__Your assignment__
Pictures are to be left out, and only the lines below starting at the one with "Holz Insektenhotel mit" and ending at the one with "Plussiva Blusa casual" are to be reproduced, each exactly, both ends included.

__Records shown__
:::::
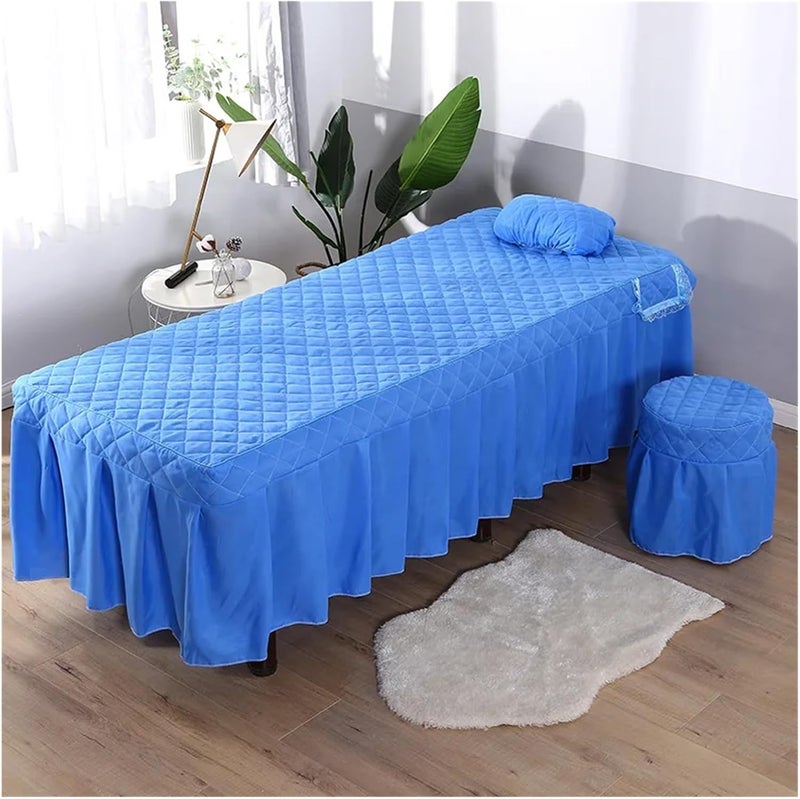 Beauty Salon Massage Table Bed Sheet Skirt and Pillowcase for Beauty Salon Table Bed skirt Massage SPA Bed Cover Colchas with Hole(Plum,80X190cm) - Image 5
:::::
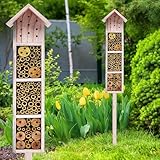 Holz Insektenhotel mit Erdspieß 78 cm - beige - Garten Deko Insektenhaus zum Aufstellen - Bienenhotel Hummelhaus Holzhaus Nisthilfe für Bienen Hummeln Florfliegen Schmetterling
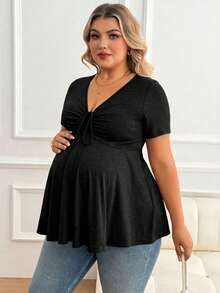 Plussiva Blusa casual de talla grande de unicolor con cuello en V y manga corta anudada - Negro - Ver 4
:::::
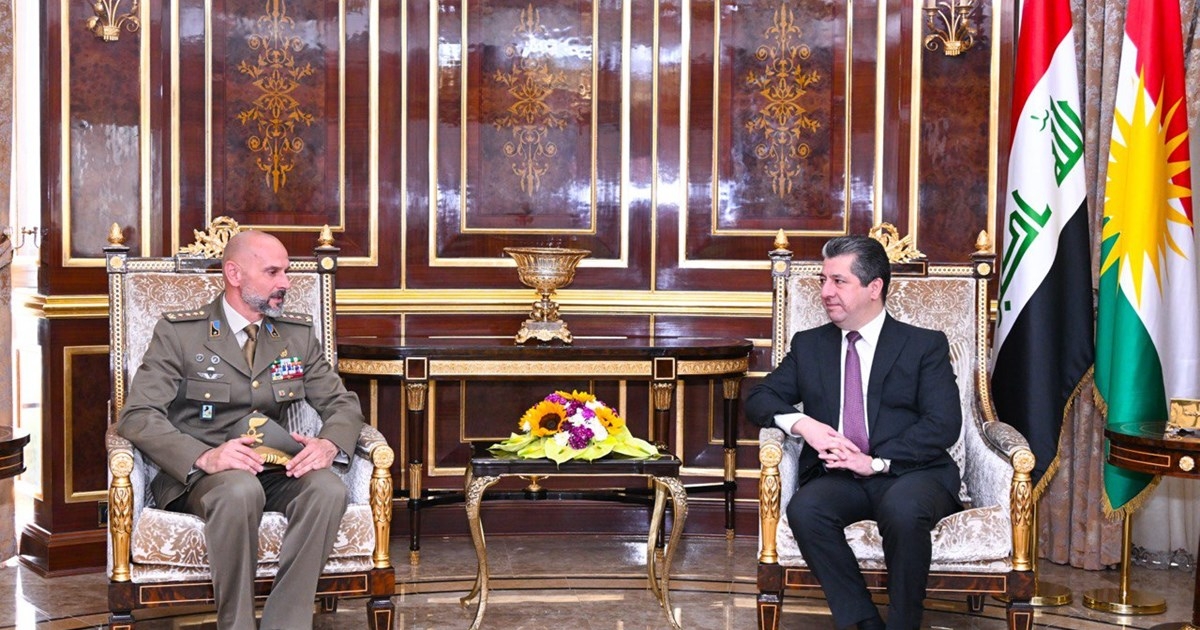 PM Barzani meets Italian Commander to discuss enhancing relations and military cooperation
:::::
__Response to the task__
 Holz Insektenhotel mit Erdspieß 78 cm - beige - Garten Deko Insektenhaus zum Aufstellen - Bienenhotel Hummelhaus Holzhaus Nisthilfe für Bienen Hummeln Florfliegen Schmetterling
 Plussiva Blusa casual de talla grande de unicolor con cuello en V y manga corta anudada - Negro - Ver 4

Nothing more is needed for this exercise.